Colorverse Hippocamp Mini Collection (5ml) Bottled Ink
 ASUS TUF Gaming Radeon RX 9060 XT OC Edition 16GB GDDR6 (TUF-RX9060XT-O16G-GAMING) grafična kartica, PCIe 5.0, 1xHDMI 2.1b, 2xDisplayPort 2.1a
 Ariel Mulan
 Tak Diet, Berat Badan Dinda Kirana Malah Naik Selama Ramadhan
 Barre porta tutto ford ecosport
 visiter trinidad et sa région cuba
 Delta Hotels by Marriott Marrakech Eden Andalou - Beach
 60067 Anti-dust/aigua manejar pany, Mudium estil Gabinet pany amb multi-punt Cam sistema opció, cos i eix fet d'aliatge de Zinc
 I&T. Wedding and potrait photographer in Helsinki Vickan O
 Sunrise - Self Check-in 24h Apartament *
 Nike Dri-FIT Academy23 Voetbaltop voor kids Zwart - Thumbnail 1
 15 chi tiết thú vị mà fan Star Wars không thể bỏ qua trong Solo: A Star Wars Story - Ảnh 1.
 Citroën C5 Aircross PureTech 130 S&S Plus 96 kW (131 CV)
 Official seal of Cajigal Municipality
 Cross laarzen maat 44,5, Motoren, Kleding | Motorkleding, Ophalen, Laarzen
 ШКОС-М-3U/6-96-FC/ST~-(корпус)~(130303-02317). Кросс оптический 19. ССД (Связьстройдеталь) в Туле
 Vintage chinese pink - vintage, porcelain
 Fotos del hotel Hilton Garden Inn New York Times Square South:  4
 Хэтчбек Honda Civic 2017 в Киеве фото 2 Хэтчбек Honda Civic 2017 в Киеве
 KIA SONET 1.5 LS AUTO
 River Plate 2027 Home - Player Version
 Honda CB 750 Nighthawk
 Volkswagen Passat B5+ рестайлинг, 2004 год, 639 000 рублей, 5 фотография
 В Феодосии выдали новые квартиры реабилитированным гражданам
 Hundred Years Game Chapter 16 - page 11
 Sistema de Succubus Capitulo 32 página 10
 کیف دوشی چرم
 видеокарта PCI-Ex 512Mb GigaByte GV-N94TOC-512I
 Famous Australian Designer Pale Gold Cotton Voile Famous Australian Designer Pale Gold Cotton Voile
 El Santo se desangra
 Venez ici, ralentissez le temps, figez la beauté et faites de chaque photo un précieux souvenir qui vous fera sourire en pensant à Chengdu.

****************************************

**Aim of the exercise**
Taking the material above, extract exactly and only the lines from the line with "ШКОС-М-3U/6-96-FC/ST~-(корпус)~(130303-02317). Кросс оптический" to the line with "El Santo se desangra", inclusive of both.

**Finished exercise**
 ШКОС-М-3U/6-96-FC/ST~-(корпус)~(130303-02317). Кросс оптический 19. ССД (Связьстройдеталь) в Туле
 Vintage chinese pink - vintage, porcelain
 Fotos del hotel Hilton Garden Inn New York Times Square South:  4
 Хэтчбек Honda Civic 2017 в Киеве фото 2 Хэтчбек Honda Civic 2017 в Киеве
 KIA SONET 1.5 LS AUTO
 River Plate 2027 Home - Player Version
 Honda CB 750 Nighthawk
 Volkswagen Passat B5+ рестайлинг, 2004 год, 639 000 рублей, 5 фотография
 В Феодосии выдали новые квартиры реабилитированным гражданам
 Hundred Years Game Chapter 16 - page 11
 Sistema de Succubus Capitulo 32 página 10
 کیف دوشی چرم
 видеокарта PCI-Ex 512Mb GigaByte GV-N94TOC-512I
 Famous Australian Designer Pale Gold Cotton Voile Famous Australian Designer Pale Gold Cotton Voile
 El Santo se desangra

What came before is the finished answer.